Visa (V -1.70%) is an immense company with a commanding presence in nearly every corner of the world. It is by far this planet's No. 1 payment card brand -- a good position given the "war on cash" currently being waged against old-fashioned means of commerce.

So it's a company that is highly profitable and has rivers of money running through its treasury. Yet no enterprise is infallible, so let's see how solid its operations are at the moment, particularly with respect to its shareholder dividend.

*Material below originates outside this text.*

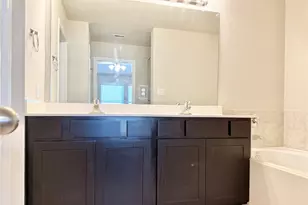 514 N 6th St, La Porte, TX 77571 - Photo 25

Customer using Visa contactless technology

Image source: Visa.

Everywhere you -- and everybody else -- want to be

Visa is far ahead of its competition in terms of sheer volume. As of the end of 2017, according to Nilsson Report statistics cited by WalletHub, it had roughly 335 million cards in circulation. That far outpaced Mastercard's (MA -1.20%) 200 million, and was leagues in front of American Express(AXP 0.09%) 47.5 million.

Pole position is important for Visa because its success is dependent on volume. This is because it's an open-loop card payment company, meaning that it does not actually extend the credit being drawn by cardholders (in the case of its credit cards; debit card funds are drawn directly from bank accounts). Rather, the card's issuer is the one lending the dosh.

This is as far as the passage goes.